Kadın Voleybol Milli Takımımız, tarihinde ilk kez Dünya Şampiyonası finaline çıktı. İlk kez o büyük sahnedeydik ve 85 milyona gümüş madalya armağan ettik. Gururluyuz, çünkü tarihe geçtik. Burukluk da var çünkü altını parmaklarımızın arasından kaçırdık. Olimpiyat ile VNL zaferlerinin ardından tarihi bir üçlemeyi tamamlayan İtalya’ya tebrikler. Bu başarı, yalnızca güçlü bir jenerasyonun değil, Velasco ile uzun vadeli planlamanın da meyvesi oldu.
RÜYA TAKIMDA VARIZ
Bizim tarafımızda ise bambaşka bir hikâye yazıldı. Kaptan Eda Erdem, hem saha içinde hem saha dışında liderliğini kristalleştirdi. Vargas, turnuvanın en skoreri oldu. Her ikisi de turnuvanın rüya takımına seçilerek Türk voleybolu için gurur tablosunu tamamladı. Karşı cephede ise De Gennaro, voleybolda alınabilecek tüm madalyaları toplayıp dünya şampiyonluğu ile milli takım kariyerine veda etti.
YAPRAK VE DERYA UNUTULDU
Ama kabul etmek gerekir ki finalin akışında teknik ekibin eksiklikleri de belirleyici oldu. Anlık kararların verilmemesi, rotasyon hamlelerinin gecikmesi ve oyunun momentumuna zamanında müdahale edilememesi, sonucu etkiledi. İşte bu detay, altın fırsatın elimizden kayıp gitmesinde önemli bir pay taşıdı. Smaçör ritmimiz aksarken Yaprak ve Derya gibi isimlerin unutulması...
SENDROMSUZ GÜMÜŞ
Psikolojik literatüründe ‘gümüş madalya sendromu’ olarak bilinen bir gerçek var: gümüş madalya alanlar çoğu zaman bronz alanlardan daha mutsuz hisseder. Çünkü bronz, ‘kazandım, kürsüye çıktım’ sevincini; gümüş ise ‘kaybettim, altını kaçırdım’ burukluğunu taşır. Evet, biz de bugün aynı çelişkiyi yaşıyoruz. Fakat bu klişeyi aşan bir gerçek var: ilk kez buradaydık. Ve bu final, Türk voleybol tarihinden asla silinmeyecek. Spor klişesi der ki: “İkinciler hatırlanmaz.”

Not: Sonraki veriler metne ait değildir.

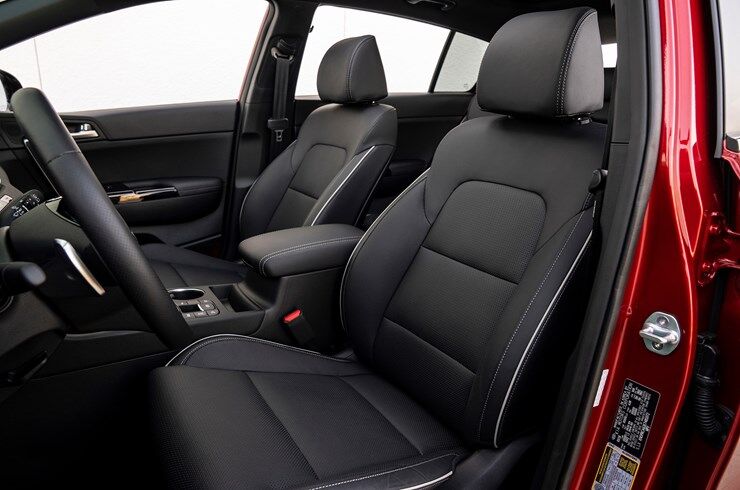 2020 Kia Sportage vs 2019 Toyota RAV4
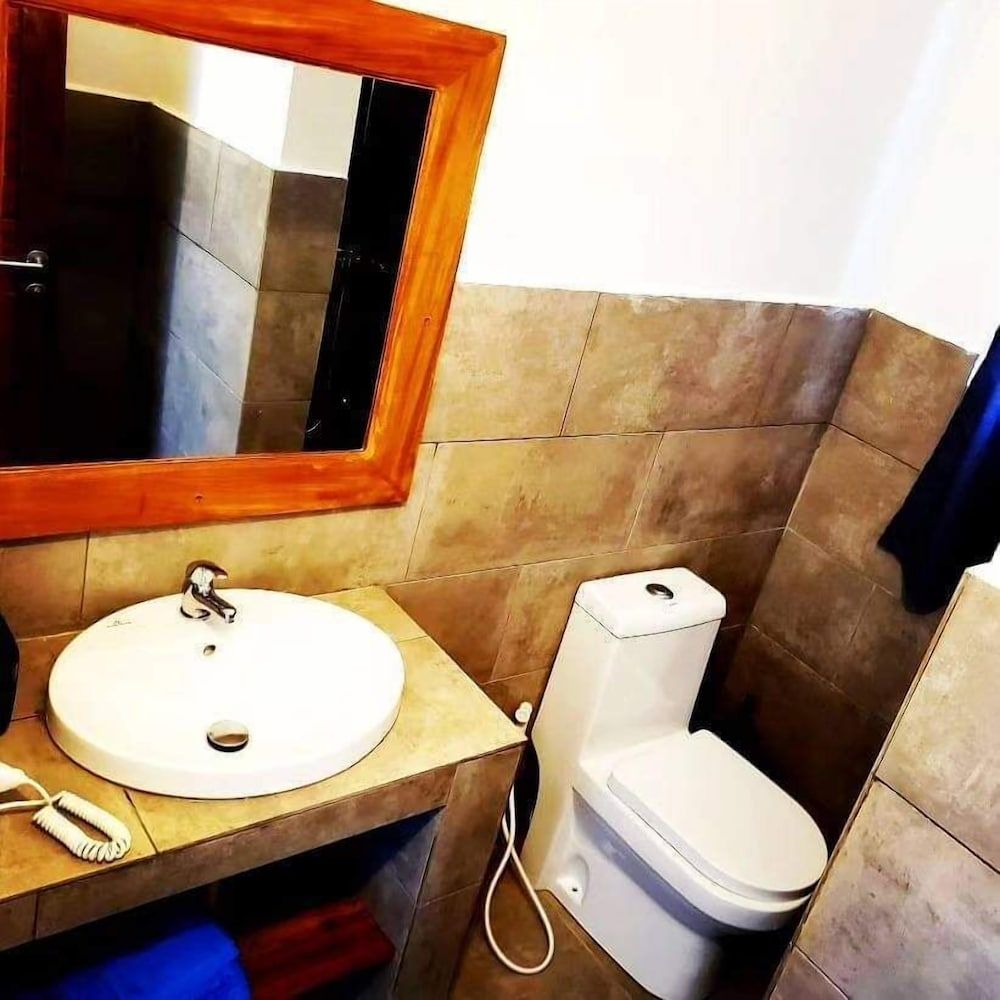 Sipano Beach Lodge Kiwengwa Deluxe Double Room, Garden View 4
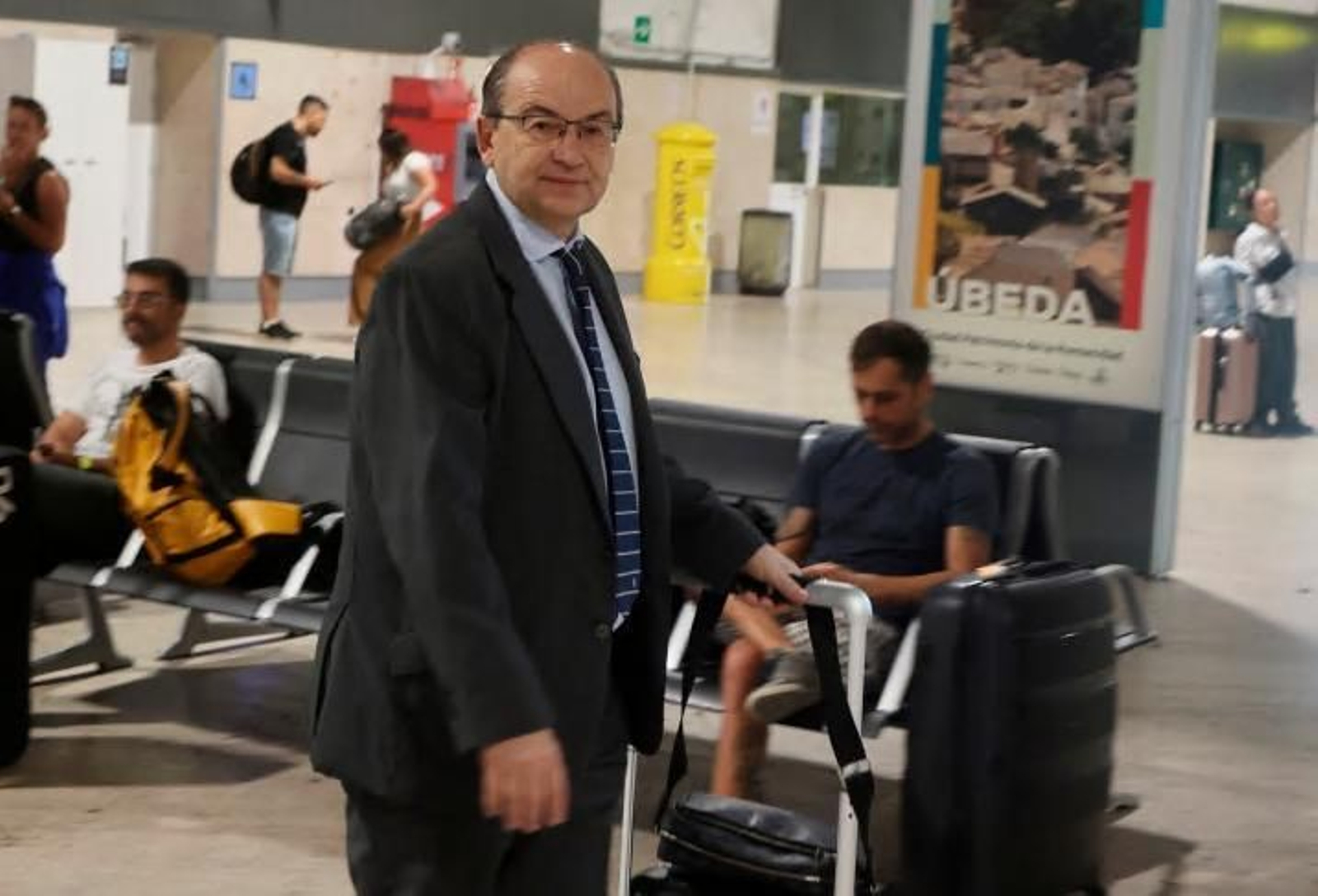 José Castro, a la salida del Sevilla para Eindhoven.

Ama bazı ikincilikler vardır ki, bir ülkenin kolektif hafızasında altın kadar değerlidir. Bizim Dünya Şampiyonası finalimiz işte tam da böyle bir eşik oldu.
Ve Nazım Hikmet dizeleriyle bitirelim: “En güzel deniz: Henüz gidilmemiş olandır. En güzel günlerimiz: Henüz yaşamadıklarımız.” Dünya Şampiyonası bizim gidilmemiş denizimizdi. Ve bugün orada zirveye çok yaklaştık.
Şimdi önümüzde yeni ufuklar, yeni denizler, yeni zaferler var. Emeklerinize sağlık takım. Gurur duyuyoruz sizlerle!